人類の住む宇宙 第2版 (シリーズ現代の天文学 第1巻)

宇宙・天文学を学ぶには、物理と数学の知識が必要不可欠です。

そのために、物理と数学についてはマスターする必要があるのです。

 

とはいえ、宇宙・天文学を学ぶためには、宇宙・天文学はどのようなものかの概要も知っておいた方がいいですよね。

とはいえ、高校の理系コースで、地学を選択できる学校は非常に少なくなっています。

まずは高校地学の範囲を学習することをおすすめします。

高校地学範囲については、

 

天文学の教科書を学習する前に。高校地学の知識を身につけよう!

 

を参照してください。

HR図や星の進化の概要などは高校地学で学ぶからです。

 

でも、大学で宇宙・天文学を学ぶのであれば、高校地学だけでは不十分です。

しかし、いきなり専門的な書籍に入っても、全体のイメージがつかみづらいため、かえって難しく感じることでしょう。

そこで、ここでは大学教養レベルの宇宙・天文学のテキストについて紹介します。

 

大学教養レベルの天文・宇宙の内容は?

高校で学習する地学は、学習指導要領に基づいて授業が行われます。

すなわち、完全に誰もが認められた内容で、検証されたものだけが登場します。

しかし、研究によって日々新しいことがわかってきます。

新しいことがわかってそれが教科書に反映されるまでには、10年単位の年月がかかると言ってもいいでしょう。

すなわち、高校の地学は天文・宇宙を学ぶ上での基本ではあるものの、これから深く学ぶ上では、足りないことが多いのです。

専門分野に入ると、物理と数学をフルに使います。

場合によっては化学などの知識も使うことでしょう。

 

ただ、専門分野を学習する前に、天文・宇宙の概要を高校地学では学習しない内容も含めて、学んでおくと、専門分野の講義でよりイメージしやすくなるかもしれません。

高校の地学では学習しない内容の一例として、超新星爆発の際に起こる元素生成の話や、太陽系外惑星の話、時と暦の話が上げられます。

これらは今、注目されている内容の一つであり、近年のマルチメッセンジャー天文学の進展やさまざまな観測機器の性能向上により、ようやくわかりかけてきたことばかりの内容です。

こういった内容はまだわからない部分もありますので、高校の地学分野では扱えない話も多いのです。

大学の教養レベルでは、まだ完全に解明されたわけではないけれども、研究によってだいぶわかってきた部分を扱うのです。

 

※ 大学では、高校のように何を学習する必要があるかの指導要領はありません。

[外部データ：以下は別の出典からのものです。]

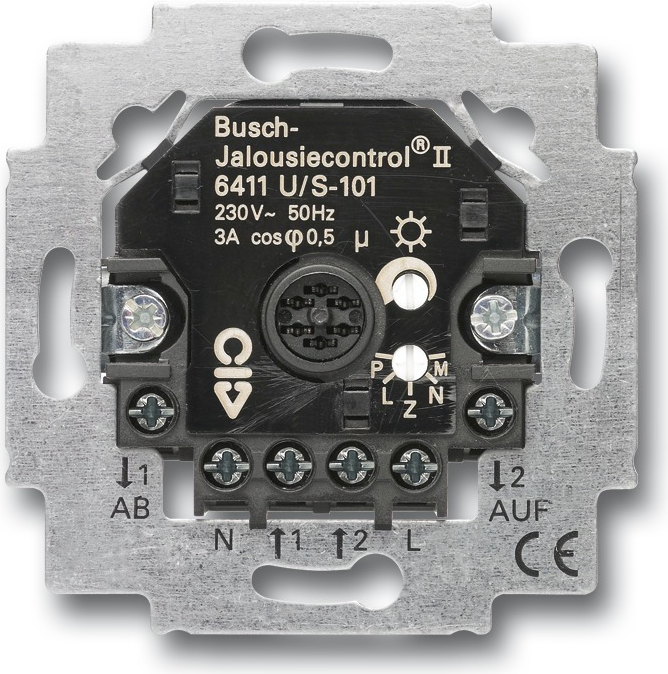Busch-Jaeger 6411 U/S-101. Produkttyp: Auslöser Rollo/Jalousie, Befestigungstyp: Unterputzmontiert, Anzahl Kanäle: 2 Kanäle. Energiequelle: AC, Leistung: 690 W, Maximale Schaltleistung: 690 W. Breite: 71 mm, Tiefe: 33 mm, Höhe: 71 mm (2CKA006410A0379)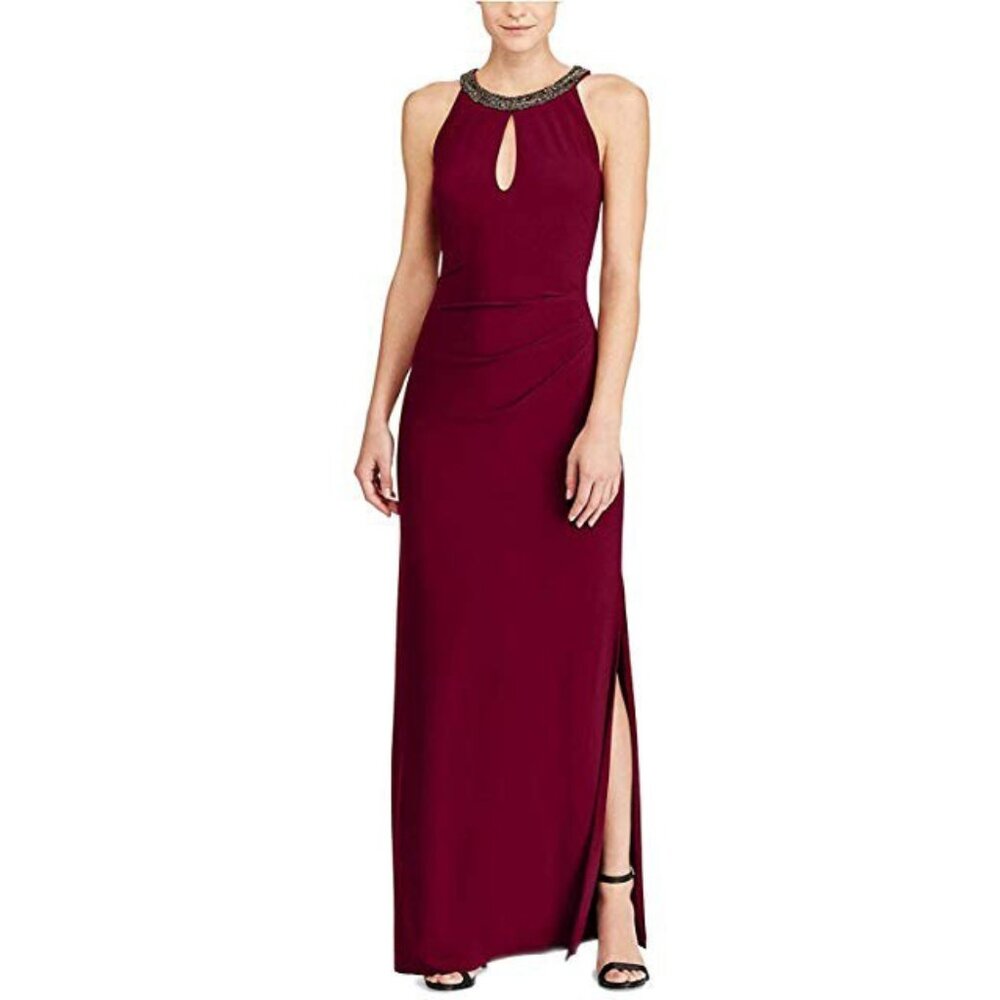 LAUREN RALPH LAUREN Danae Halter Dress Maroon Stretch Jersey w/ Beaded Neckline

そのため、講義でどのような内容を扱うかは各担当の先生によって変わってきます。ここでは、あくまで一般的な例としてあげています。

 

大学教養レベルの内容を扱っている書籍は?

「シリーズ現代の天文学」で2006年に初版が刊行されました。

発売から10年以上たった2018年現在、初版の内容から大いに発展した分野もあり、第2版が徐々に出版されつつあります。

「人類の住む宇宙 第2版」も2017年3月に第2版が出版されました。

初版との大きな違いは、初版ではかんたんに扱っていた内容でしたが、その後の大型望遠鏡の観測などにより進展が著しい太陽系外惑星についての章が追加されたことです。

他にも進展のあった部分の改訂が行われています。

全体の概要は、以下の通りです。

目次

  1. 現代宇宙観までの道のり
  2. 宇宙の起源と現代の姿
  3. 元素の起源
  4. 太陽系
  5. 太陽系外惑星
  6. 地球と人間
  7. 時と暦

 

宇宙論から、恒星進化(元素の起源)、太陽系や太陽系外惑星といった上を見上げる天文・宇宙だけでなく、「地球と人間」や「時と暦」といった、私たちの住む地球についても触れています。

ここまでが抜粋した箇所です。